**Excerpted data:**
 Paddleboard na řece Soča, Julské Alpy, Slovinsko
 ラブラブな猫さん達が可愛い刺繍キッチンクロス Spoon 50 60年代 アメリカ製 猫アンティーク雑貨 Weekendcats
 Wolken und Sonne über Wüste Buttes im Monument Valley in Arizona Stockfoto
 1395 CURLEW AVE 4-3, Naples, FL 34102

...

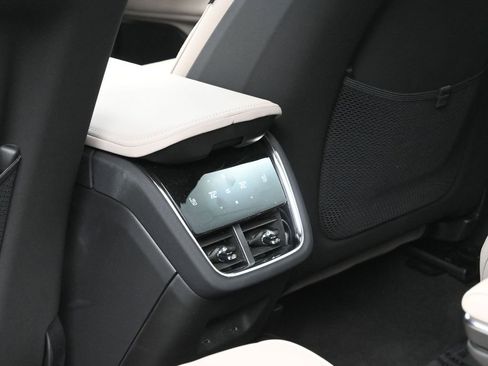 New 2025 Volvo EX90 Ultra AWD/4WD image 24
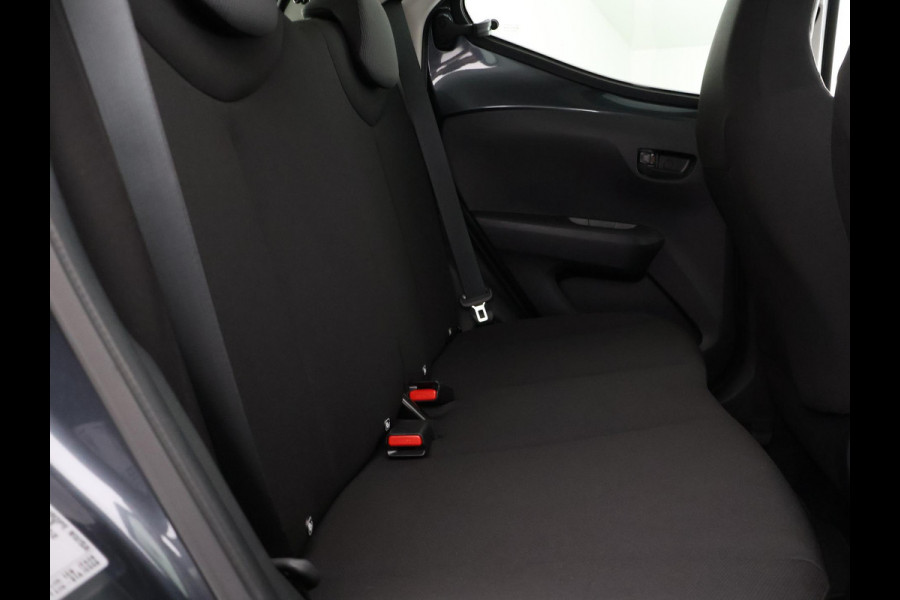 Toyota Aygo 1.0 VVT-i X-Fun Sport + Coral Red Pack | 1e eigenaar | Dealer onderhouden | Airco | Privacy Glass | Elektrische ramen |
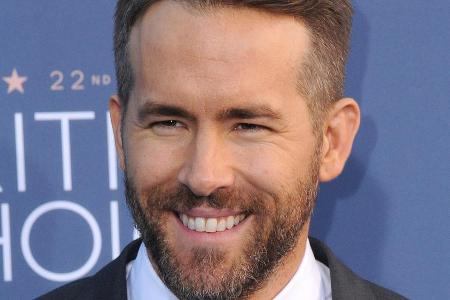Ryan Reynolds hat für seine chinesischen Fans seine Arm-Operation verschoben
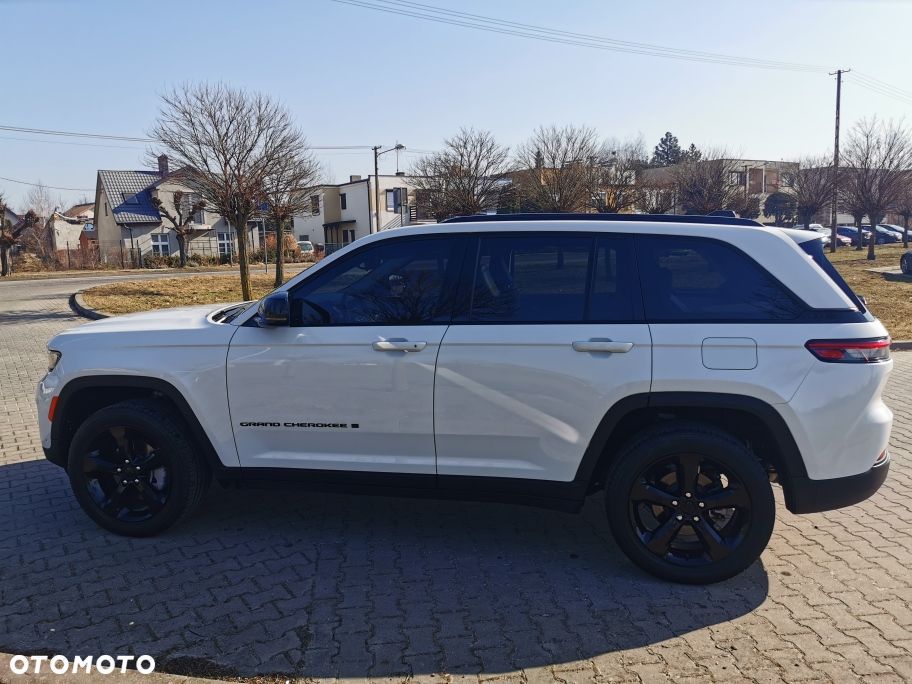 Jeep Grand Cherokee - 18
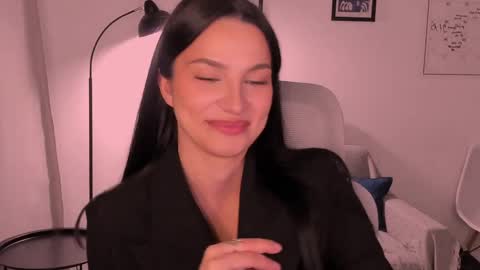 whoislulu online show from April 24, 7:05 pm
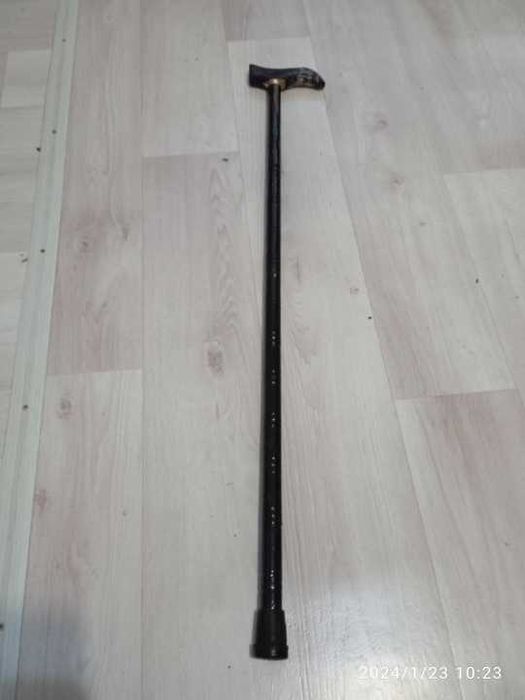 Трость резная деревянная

...

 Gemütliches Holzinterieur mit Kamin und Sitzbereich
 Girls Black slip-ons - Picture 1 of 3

**Directions:**
Could you restate word for word the lines above from the one containing "Paddleboard na řece" through the one containing "1395 CURLEW AVE 4-3, Naples, FL 34102", both included, and nothing else?

**Your solution:**
 Paddleboard na řece Soča, Julské Alpy, Slovinsko
 ラブラブな猫さん達が可愛い刺繍キッチンクロス Spoon 50 60年代 アメリカ製 猫アンティーク雑貨 Weekendcats
 Wolken und Sonne über Wüste Buttes im Monument Valley in Arizona Stockfoto
 1395 CURLEW AVE 4-3, Naples, FL 34102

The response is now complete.